While this tool reached a maturity level at which we could have used it for any of our COSBench tests, the team decided to continue using COSBench for this set of tests to have consistent and comparable test results with earlier efforts. In addition, the team ran comparable COSBench and GOSBench tests to see if the performance numbers would match.

The testing team hopes that the community can add some smaller, optional features, ones listed in the TODO.md document. With the help of some early Red Hat internal feedback, the testing team was able to identify certain COSBench use cases that are not easily or obviously approachable with GOSBench. To collect candidates for integration into GOSBench, the team created an issues list in the GitHub repository.

Figures 2 and 3 show screenshots of a sample GOSBench test run. Figure 2 is the output from the GOSBench server, and Figure 3 shows output from one of the seven GOSBench worker nodes used in Red Hat testing. From this output, it’s clear that each worker goes through several phases, specifically that each:

  • Initially connects to the server (the worker node receives the S3 connection details and its workload)
  • Uses the connection details to prepare for the workload
  • Processes the workload
  • Re-connects to the server to receive new workloads

The server will ensure that the preparation and performance testing phase synchs across all workers (even when they are not on the same host) and will wait until all workers have finished the current workload before starting more tests.

Source code for GOSBench is available here.

Figure 2. GOSBench server output

Figure 3. GOSBench output from a worker node

GOSBench dashboard

Unlike many other tools, GOSBench does not output metrics to the command line. Instead, it offers a Prometheus exporter endpoint so it can be scraped. This export functionality is provided by the OpenCensus library, which acts as an HTTP client for the AWS SDK.

To make sense of these metrics and gather similar data, we created a Grafana dashboard. When the Grafana time window is set to the test’s execution time, it displays the same metrics processed for COSBench. Eventually, GOSBench will set Grafana annotations so getting the time window correctly will be easier. For now, the right time window settings are printed to stdout by the GOSBench server. These POST variables can be appended to the Grafana URL. Figure 4 shows a sample dashboard excerpt.

Figure 4. GOSBench Grafana dashboard

Source code for the GOSBench Grafana dashboard can be found here.
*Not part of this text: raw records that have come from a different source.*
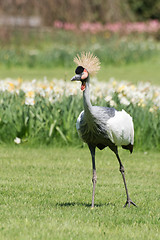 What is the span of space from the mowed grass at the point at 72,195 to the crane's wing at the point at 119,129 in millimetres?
660

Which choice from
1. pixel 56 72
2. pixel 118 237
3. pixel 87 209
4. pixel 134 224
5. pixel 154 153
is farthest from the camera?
pixel 56 72

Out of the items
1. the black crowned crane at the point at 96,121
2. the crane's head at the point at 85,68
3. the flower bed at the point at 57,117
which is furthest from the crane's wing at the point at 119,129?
the flower bed at the point at 57,117

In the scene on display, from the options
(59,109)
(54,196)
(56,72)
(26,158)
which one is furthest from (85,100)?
(56,72)

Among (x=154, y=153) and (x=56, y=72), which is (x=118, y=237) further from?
(x=56, y=72)

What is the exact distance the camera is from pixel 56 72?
61.7ft

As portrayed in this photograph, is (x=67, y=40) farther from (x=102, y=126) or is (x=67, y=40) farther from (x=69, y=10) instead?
(x=102, y=126)

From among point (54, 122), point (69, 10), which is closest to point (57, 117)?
point (54, 122)

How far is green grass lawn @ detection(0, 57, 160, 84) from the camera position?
17.6m

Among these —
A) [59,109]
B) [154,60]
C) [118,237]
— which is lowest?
[118,237]

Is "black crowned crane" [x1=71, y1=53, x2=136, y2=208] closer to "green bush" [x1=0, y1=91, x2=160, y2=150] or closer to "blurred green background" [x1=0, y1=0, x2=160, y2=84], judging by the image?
"green bush" [x1=0, y1=91, x2=160, y2=150]

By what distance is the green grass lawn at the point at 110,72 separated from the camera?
1761 cm

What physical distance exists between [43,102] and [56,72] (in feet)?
34.4

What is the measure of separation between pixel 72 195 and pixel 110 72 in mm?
13709

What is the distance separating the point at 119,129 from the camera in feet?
16.3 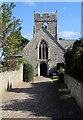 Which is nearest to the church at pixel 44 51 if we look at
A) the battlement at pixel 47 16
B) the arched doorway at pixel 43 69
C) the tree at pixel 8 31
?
the arched doorway at pixel 43 69

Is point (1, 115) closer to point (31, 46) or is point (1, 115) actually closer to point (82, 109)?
point (82, 109)

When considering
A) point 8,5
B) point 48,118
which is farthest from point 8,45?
point 48,118

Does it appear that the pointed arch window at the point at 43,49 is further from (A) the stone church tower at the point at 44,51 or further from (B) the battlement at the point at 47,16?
(B) the battlement at the point at 47,16

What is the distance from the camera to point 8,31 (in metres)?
16.7

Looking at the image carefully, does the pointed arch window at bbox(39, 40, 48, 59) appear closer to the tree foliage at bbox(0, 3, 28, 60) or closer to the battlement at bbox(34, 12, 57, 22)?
the battlement at bbox(34, 12, 57, 22)

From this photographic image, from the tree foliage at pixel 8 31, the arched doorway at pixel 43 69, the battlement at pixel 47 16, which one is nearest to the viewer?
the tree foliage at pixel 8 31

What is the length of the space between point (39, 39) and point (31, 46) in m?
1.95

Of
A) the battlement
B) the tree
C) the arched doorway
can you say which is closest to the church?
the arched doorway

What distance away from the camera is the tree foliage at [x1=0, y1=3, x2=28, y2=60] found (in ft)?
52.5

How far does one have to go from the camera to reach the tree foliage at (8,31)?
16.0 m

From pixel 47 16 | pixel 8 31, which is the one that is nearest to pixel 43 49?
pixel 47 16

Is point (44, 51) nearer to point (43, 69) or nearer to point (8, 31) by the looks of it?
point (43, 69)

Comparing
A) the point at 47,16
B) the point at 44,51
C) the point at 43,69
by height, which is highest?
the point at 47,16

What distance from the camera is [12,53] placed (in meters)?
16.8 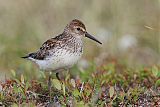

COSBench and GOSBench benchmark comparison

When a new tool is presented, it’s essential to compare it to existing tools for accuracy. For this reason, the team team ran a simple comparison between COSBench and GOSBench. Both tools were tasked to do a 100% read test and a 100% write test on 64KB, 1MB, and 32MB objects for 300 seconds each. The test tools were set to run on all seven RGWs in the test configuration in parallel. Figures 5 and 6 show writing and reading, respectively.

Figure 5. COSBench vs. GOSBench writing to seven RGWs

Figure 6. COSBench vs. GOSBench reading from seven RGWs

From these charts, it’s apparent that the performance metrics for 64KB and 1MB objects are similar for both tools. For the 32MB objects, COSBench reports significantly higher performance metrics than GOSBench. One possible explanation for this disparity is that GOSBench is using multipart uploading and downloading. This feature is not in effect for objects smaller than 5MB and thus would only be visible with the 32MB objects. As of this writing, we’re still looking into this issue.

Conclusion

The tools developed as a part of Red Hat testing gave testers increased visibility into the details of complicated, large-scale tests. Testers were able to use the Grafana and COSBench tooling to quickly visualize the implications of performance issues, such as disk capacity overloading, and more easily align timing between remote systems under test. While work is ongoing, GOSBench promises to reduce the time needed to set up test installations and write test configurations.